Re: I jeszcze raz telekineza

autor: Artur28 » 2009-01-13, 14:09

Ciura jesteś nowy i jak ktoś z dużym doświadczeniem mówi że to niebezpieczne i chce ci pomóc to przyjmij jego słowa z pokorą i szacunkiem

Re: I jeszcze raz telekineza

autor: Ciura » 2009-01-13, 13:57

rozumiem Cię i mówię: jestem gotowy pójść tą drogą!

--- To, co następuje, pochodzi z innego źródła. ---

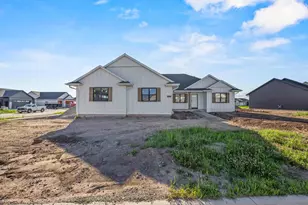 1387 Crossroads Dr, Hobart, WI 54114 - Photo 3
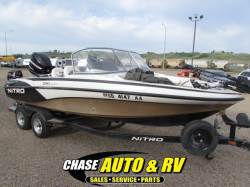 2009 TRACKER MARINE 290 SPORT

Re: I jeszcze raz telekineza

autor: Ciura » 2009-01-13, 09:59

dzięki Spock ;)

Re: I jeszcze raz telekineza

autor: Spock » 2009-01-13, 01:37

Tak w kwestii formalnej:

Kiedy ktoś zadaje konkretne pytanie, to mu na nie konkretnie odpowiedzcie, zamiast kręcić: "a po co ci to ?", "to niebezpieczne", itd. Fachowcy od siedmiu boleści.

I to by było na tyle.

Re: I jeszcze raz telekineza

autor: Ciura » 2009-01-12, 23:23

a więc bye bye

Re: I jeszcze raz telekineza

autor: Ciura » 2009-01-12, 23:19

ha ha normalnie się uśmiałem do łez!

Re: I jeszcze raz telekineza

autor: Ciura » 2009-01-12, 23:16

dobra nie musisz mi pomagać!

Re: I jeszcze raz telekineza

autor: Ciura » 2009-01-12, 23:12

bardzo śmieszne! z twojego posta wynika że pogę przez przypadek zniszczyć siłą woli jakiś budynek nie będąc tego świadomym tak? czyli to ty będziesz mieć na sumieniu tych których zniszczę przez przypadek? a jeśli chodzi ci o to że jak się tego nauczę i opanuję to wladza mną zawładnie to się mylisz bo nigdy bym nie przeznaczył mojej mocy do złych celów raczej do czynienia dobra! a jak mi nie odpiszesz to i tak nie myśl że poprzestanę na szukaniu bo ja tak łatwo się nie poddaję!